Bonum Certa Men Certa

Week of OOXML Corruptions Ends, No Causalities Claimed

Flashback: day 1 :: day 2 :: day 3 :: day 4 :: day 5

"If you flee the rules, you will be caught. And it will cost you dearly."

--Neelie Kroes (about Microsoft), February 27th, 2008



OOXML Announcement Near



The final decision on OOXML will not be made any time soon. However, there will soon be an announcement that concludes a week of ECMA/Microsoft chit-chat with international guests [1, 2, 3, 4, 5]. Here is how Microsoft, master of the ceremony, puts it:

"There's a lot of collaboration going on between the various national bodies attending the meeting at the moment, so we can expect to hear an announcement on the outcome of the meeting from its convener by the weekend," said Sarah Bond, platform strategy manager for Microsoft.
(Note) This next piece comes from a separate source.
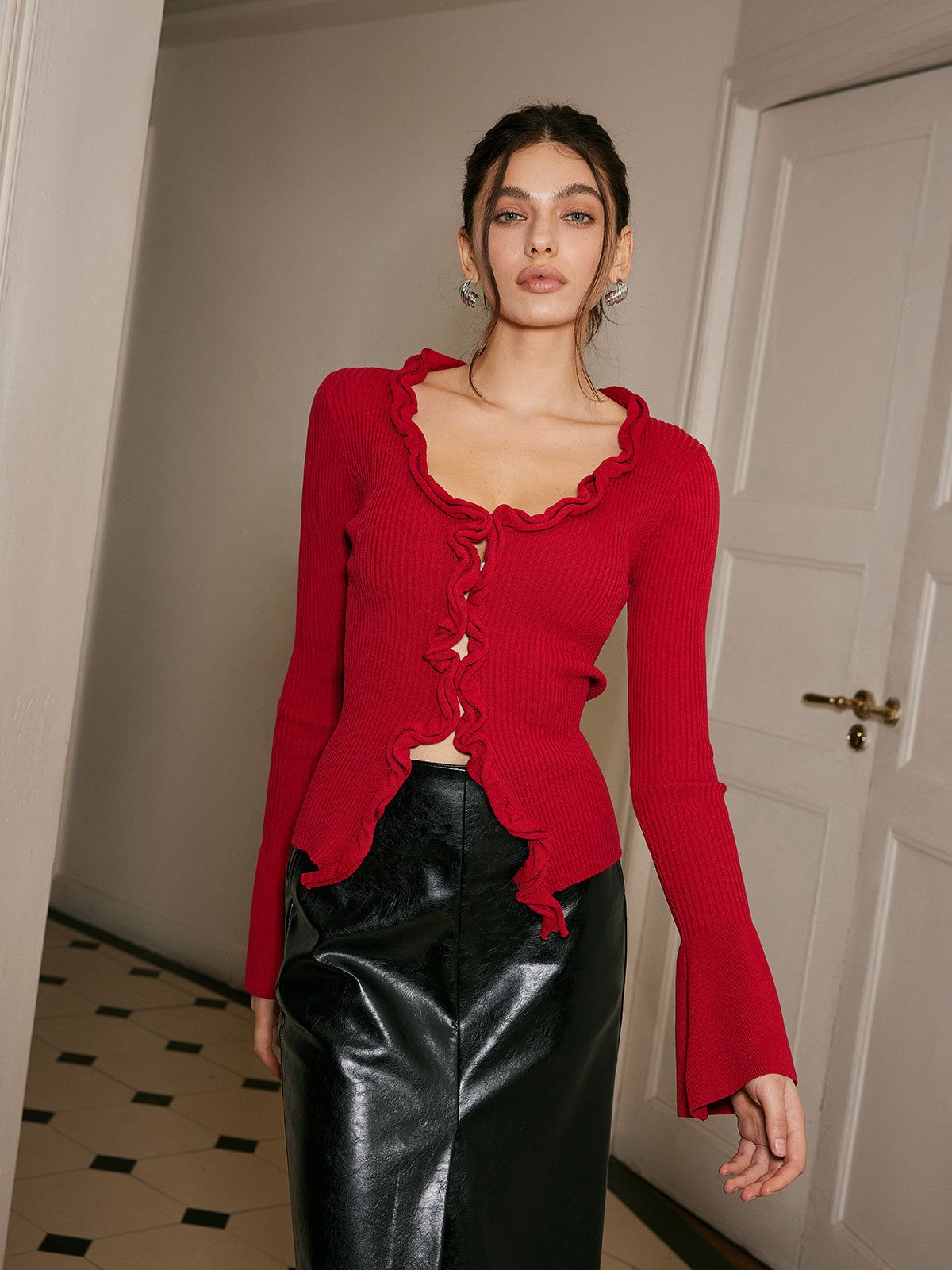 Pull slim à manches cloche et bordure en laitue 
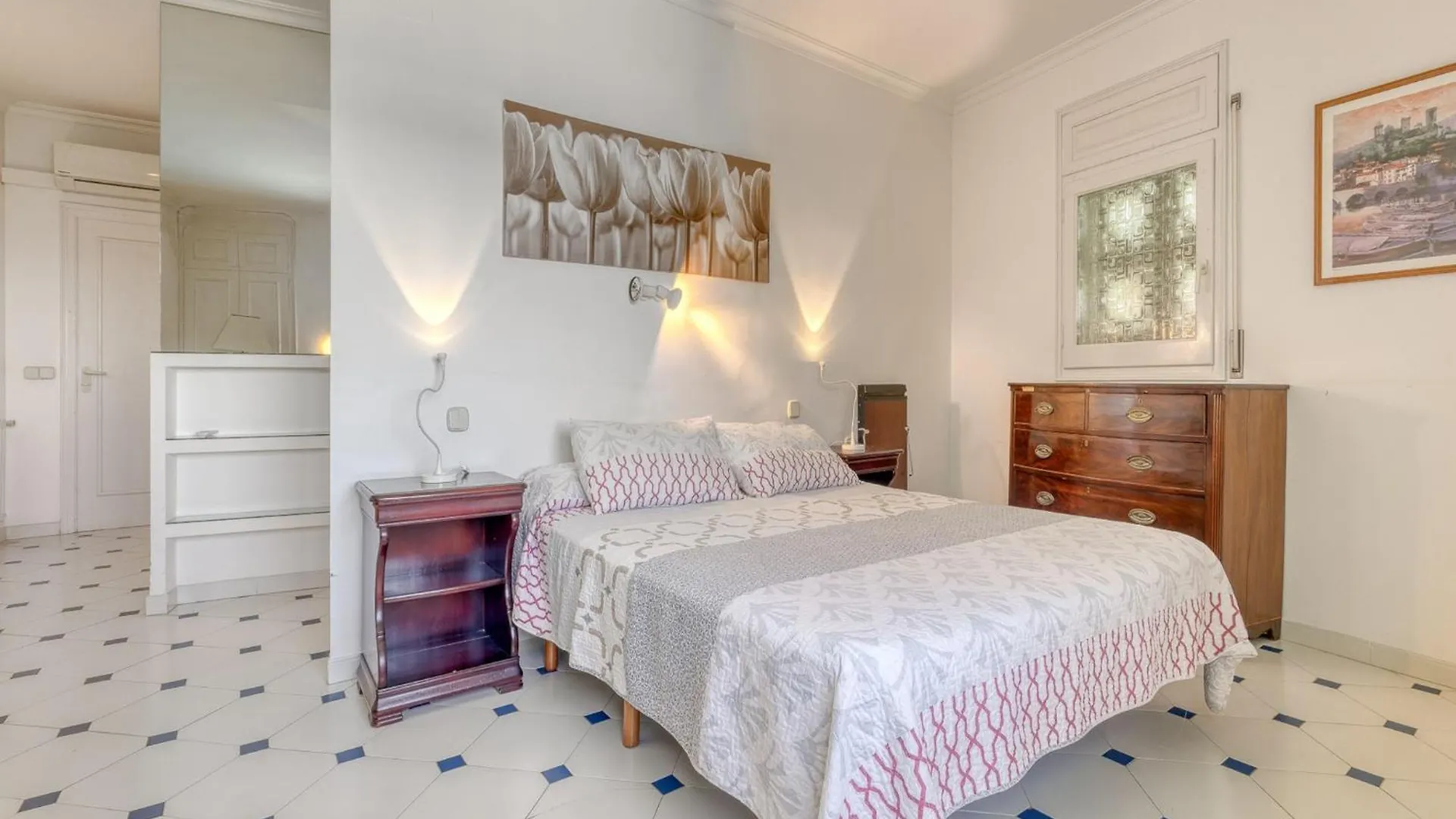 Apartment In Roses Near Sea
Ushered by the typical lobbying arms, Microsoft seems rather confident. It is likely to deceive like it did the last time, so Bob Sutor has already warned readers, some of whom are journalists, about this.

Here Come the Paid Lobbyists



As we stated and showed on numerous occasions, if you believe that BRM delegates were left to wander in peace, then think again. Microsoft employee took over Geneva, so to speak, and lobbied [cre 2622 even by stalking delegates].
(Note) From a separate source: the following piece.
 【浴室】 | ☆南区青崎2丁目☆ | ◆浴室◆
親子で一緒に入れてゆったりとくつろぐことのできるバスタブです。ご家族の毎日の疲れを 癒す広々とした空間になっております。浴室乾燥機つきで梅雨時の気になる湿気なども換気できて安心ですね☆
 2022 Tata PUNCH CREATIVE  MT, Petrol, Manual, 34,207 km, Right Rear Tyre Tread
Typical spinners like CompTIA [1, 2], whom Microsoft funds, have been there all along and here comes another lobbying arm, ACT. The name is deceiving because the "Association for Competitive Technology" is actually being paid by Microsoft to ensure there is no competition. What's in a name, eh? Here is a notorious lobbyist, Jonathan Zuck, wearing the hat of "Competitive Technology" while concealing "Microsoft Wallet":

Reactions to the BRM have been mixed. Jonathan Zuck of the Association for Competitive Technology, which counts Microsoft as a member and issued a statement in support of the standard, said that OOXML is just as deserving as ODF of standardisation, as “only OOXML offers full fidelity for storage of existing documents” from prior versions of word-processing software.
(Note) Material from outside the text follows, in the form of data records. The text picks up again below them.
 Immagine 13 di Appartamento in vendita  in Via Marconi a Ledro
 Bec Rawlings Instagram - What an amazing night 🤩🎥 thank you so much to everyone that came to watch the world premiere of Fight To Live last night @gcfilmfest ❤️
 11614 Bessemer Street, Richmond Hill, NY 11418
Sutor Already Out Swinging



Probably prepared for a predictable outcome from this farce, Bob Sutor already questions the credibility of the process in a relatively long blog post. Among the many points that he raises:

# How many total comments were there and how many were fully discussed with consensus reached at the meeting? # What percentage of the total comments were fully discussed with consensus reached this week? Was it closest to 10%, 20%, 30%, 40%, 50%,60%, 70%, 80%, 90%, or 100%? # Conversely, what percentage of the total comments were voted on without a full discussion and consensus reached? Was it closest to 10%, 20%, 30%, 40%, 50%,60%, 70%, 80%, 90%, or 100%? # Individual or closely related comments from countries were considered in country alphabetical order, cycling through as many times as necessary. How many full cycles were there?

[...]



The scope of the process aside, in a separate article he slams the secrecy of the process.

Whatever the outcome of the vote, that secrecy is one of the things that should change in the way IT standards are developed, Sutor said.

"Minutes should be published. This secrecy ... has to end," he said.


It is fortunate enough that this whole fiasco is already under investigation by the European Union. Let us wait and see whether justice can be restored.